С другой стороны, у США и их европейских союзников тоже нет ясного и стройного представления о путях дальнейшего мирового развития. Политика Запада в последние годы строится исключительно на тактике в ущерб какой-либо разумной стратегии. Наилучшая иллюстрация — реакция на «арабскую весну»: действия Запада в отношении Египта, Ливии и Сирии не имели и до сих пор не имеют никакой единой логики. Смещение акцентов в мировой политике в силовую, «бисмарковскую» сторону произошло задолго до вторжения в Крым, и Запад сильно приложил руку к этому процессу. При этом не будем забывать, что политика Бисмарка не была брутальной агрессией в чистом виде: за ней стояло вполне стройное политико-идеологическое обоснование — стремление к созданию сильного национального государства немцев, что в эпоху подъема национализма воспринималось как вполне легитимная цель. Сегодня подобных оснований, однако, лишены и «бисмарковские», и «меттерниховские» элементы мировой политики.

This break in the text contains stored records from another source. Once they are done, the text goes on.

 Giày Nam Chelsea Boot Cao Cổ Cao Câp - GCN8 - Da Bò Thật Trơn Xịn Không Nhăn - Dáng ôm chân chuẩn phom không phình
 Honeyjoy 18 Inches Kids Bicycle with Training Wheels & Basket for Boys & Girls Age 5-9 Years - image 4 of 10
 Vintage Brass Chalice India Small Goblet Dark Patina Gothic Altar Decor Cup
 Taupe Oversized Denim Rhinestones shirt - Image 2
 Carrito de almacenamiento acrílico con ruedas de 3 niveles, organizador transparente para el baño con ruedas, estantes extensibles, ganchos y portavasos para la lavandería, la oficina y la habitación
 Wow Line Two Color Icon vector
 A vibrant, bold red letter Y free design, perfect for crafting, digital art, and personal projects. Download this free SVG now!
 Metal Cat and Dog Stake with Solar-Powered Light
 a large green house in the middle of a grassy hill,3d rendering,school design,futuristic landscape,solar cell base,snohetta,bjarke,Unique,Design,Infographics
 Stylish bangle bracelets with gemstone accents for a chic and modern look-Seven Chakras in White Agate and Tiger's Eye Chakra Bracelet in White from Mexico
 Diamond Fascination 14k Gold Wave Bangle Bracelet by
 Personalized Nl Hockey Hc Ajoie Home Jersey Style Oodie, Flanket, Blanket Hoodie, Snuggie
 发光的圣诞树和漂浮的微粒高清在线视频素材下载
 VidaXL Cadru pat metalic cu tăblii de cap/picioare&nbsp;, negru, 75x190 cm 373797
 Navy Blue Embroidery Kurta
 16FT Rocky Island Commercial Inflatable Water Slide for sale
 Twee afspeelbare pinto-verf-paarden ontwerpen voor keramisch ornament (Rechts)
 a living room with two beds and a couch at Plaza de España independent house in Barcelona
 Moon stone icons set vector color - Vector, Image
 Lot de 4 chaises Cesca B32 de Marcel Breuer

К примеру, международный правозащитный консенсус, согласно которому геноцид, этнические чистки и прочие массовые нарушения прав человека со стороны властей государства N могут служить причиной для силового вмешательства мирового сообщества, в действительности является чисто формальным и часто эксплуатируется в политических целях. (Уровень недоверия к риторике такого рода демонстрирует известная шутка: «Говорят, в Антарктиде нашли нефть. Ну все, теперь кровавому режиму пингвинов несдобровать!») То же после известной истории с фиктивным иракским химическим арсеналом, послужившим предлогом для начала второй войны в Ираке (2003), можно сказать и о другом категорическом императиве — нераспространении оружия массового поражения.

Иными словами, хотя действия России в ходе украинского кризиса и не являются полноценной попыткой геополитического ревизионизма, они довели до логического завершения эрозию той системы международных отношений, которая существовала с момента распада социалистического лагеря и СССР. В условиях, когда те элементы этой системы, которые были унаследованы от предыдущей эпохи, неэффективны (ООН много лет подвергается справедливой критике), нового международного консенсуса нет, зато есть стремление отдельных держав к силовой реализации своих интересов при выгодных обстоятельствах, важнейшим инструментом поддержания относительной глобальной стабильности остается лишь экономическая взаимосвязанность основных мировых игроков. Но это слишком ненадежный, хрупкий и недостаточно институционализированный инструмент.

Кажется, мир пришел к состоянию, когда впору созывать новый Венский конгресс, чтобы определить правила игры. Проблема лишь в том, что если на современной политической арене в наличии есть «недобисмарки», то даже «полуметтернихов» на ней пока не наблюдается.

 

Примечания

1. Подробнее см., напр.: http://www2.uncp.edu/home/rwb/Ems%20Telegram.htm
2. Цит. по: Палмер А. Бисмарк. Смоленск, 1997. С. 145.
3. Clark C. The Sleepwalkers. How Europe Went to War in 1914. L., 2011.
4. Mead W.R. The Return of Geopolitics. The Revenge of the Revisionist Powers // Foreign Affairs. May-June 2014. Vol. 93. No. 3. P. 74.
5. Имеется в виду теория «конца истории» Фрэнсиса Фукуямы, к которой Мид не раз обращается в своем тексте.
6. Mead. P. 78–79.
7. Ikenberry G.J. The Illusion of Geopolitics. The Enduring Power of the Liberal Order // Foreign Affairs. May-June 2014. Vol. 93. No. 3. P. 90.